I prefer to think of the film as experiential, but with a complex character at the core, so beautifully conceived by Veninger and gorgeously acted by her handsome, talented leading man Pedro Fontaine.
Fontaine movingly exorcises the grief his character feels for the sweet, vibrant young man he loved, a young man who passed away far too early in life. Fontaine plays a man on an odyssey to the ends of the earth in Chile (gorgeously rendered by cinematographer Dylan McLeod). Using his dead lover's diary-like book of sketches, collages and other lovely works of art as a kind of emotional road map on this journey is one of the simplest, most evocative tools to tell a mostly visual story.
His private grief in addition to an episodic, always-fascinating series of life-affirming scenes involving Fontaine and several people he meets on the way, still have me trembling at one moment and in deep rumination the next - similar to how I watched and experienced it on a big screen and even now, in those moments when I think back on it.

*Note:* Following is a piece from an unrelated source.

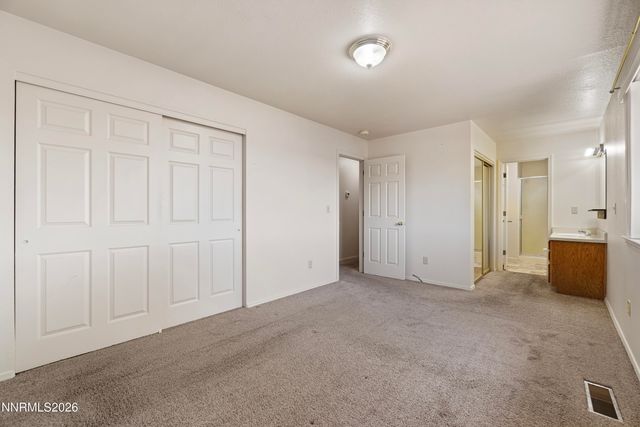 401 Kathy Avenue, Yerington, NV 89447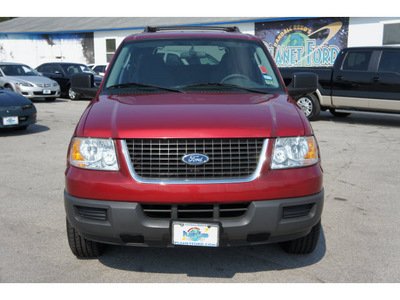 ford expedition 2006 red suv xlt gasoline 8 cylinders rear wheel drive automatic 77388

The one thing that both excites me and yet fills me with a kind of regret is that the film will only be presented in theatrical venues with a live score performed by local musicians in whatever area it plays. When I saw it, there was indeed a solid score beautifully played live. That said, the film, in addition to its visual gifts, is blessed with an astonishing soundscape of location sound and designed sound. This frankly, has the potential to be the film's score and one hopes this is something considered for an eventual Blu-Ray release.
I always maintain how simplicity is what yields complexity. Nowhere in recent memory is this more apparent than in the dazzling and heartbreaking He Hated Pigeons.
THE FILM CORNER RATING: ***** Five Stars
He Hated Pigeons is playing at the 2015 Whistler Film Festival.